Nada ha cambiado para la población afgana en 10 años de invasión: pobreza, violencia, corrupción, inseguridad. Crudas y cortantes, las cifras revelan el panorama la inhumanidad que dejó la guerra: 71 por ciento de la población mayor de 15 años es analfabeta, 35 no tiene trabajo, 36 vive por debajo del nivel de pobreza, 90 por ciento de los recursos gubernamentales provienen de la ayuda extranjera, 149 niños de cada 1000 mueren antes de tener un año, 83 por ciento de la heroína que se produce en el mundo proviene de Afganistán. Según Naciones Unidas, más de 10.000 civiles murieron en los últimos 5 años, 2500 soldados de la coalición dejaron la vida en Afganistán. Actualmente, 2,6 millones de personas necesitan ayuda alimentaria.

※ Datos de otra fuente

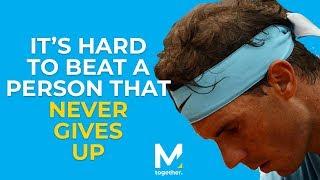 NEVER QUIT - MOTIVATIONAL VIDEO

La teoría defendida por los genios del Pentágono, según la cual la mejor estrategia que se podía aplicar en Afganistán era “la contra insurrección” (COIN), quedó en papel quemado. Los insurrectos, es decir, los talibán, operan en donde les viene en gana. En su último informe, el Consejo de Seguridad de la ONU contabilizó 7000 acciones armadas llevadas a cabo en Afganistán por la insurgencia en los últimos tres meses. En Kabul, los talibán atacaron la embajada norteamericana y la sede de la OTAN. Se han vuelto, como antes, amos y señores. Resultó más fácil matar a Bin Laden en su escondite de Pakistán que derrotar a los talibán, cuyas acciones se propagaron con extrema violencia al otro aliado de la frontera, Pakistán, un país con tantas máscaras como fronteras delicadas (Afganistán, Irán, India). Hace exactamente 10 años, en su casa de Islamabad, Ijaz Ul Haq ya tenía una mirada muy lúcida.
Analista y hombre político respetado, Ijaz Ul Haq es el hijo del general Zia Ul Haq, hombre que en los años ’80 transformó Pakistán, que desarrolló la bomba atómica pakistaní y abrió decenas de escuelas coránicas para recibir, a pedido de Washington, a los talibán. Apenas comenzó la invasión, Ijaz Ul Haq dijo a Página/12: “No es destruyendo un país como se accede a la paz. No es porque nos han tocado el corazón y se clama venganza como se van a resolver los problemas. La solución es un trabajo a largo plazo y no una cuestión de venganza”. La solución nunca se plasmó. Sólo perdura la venganza.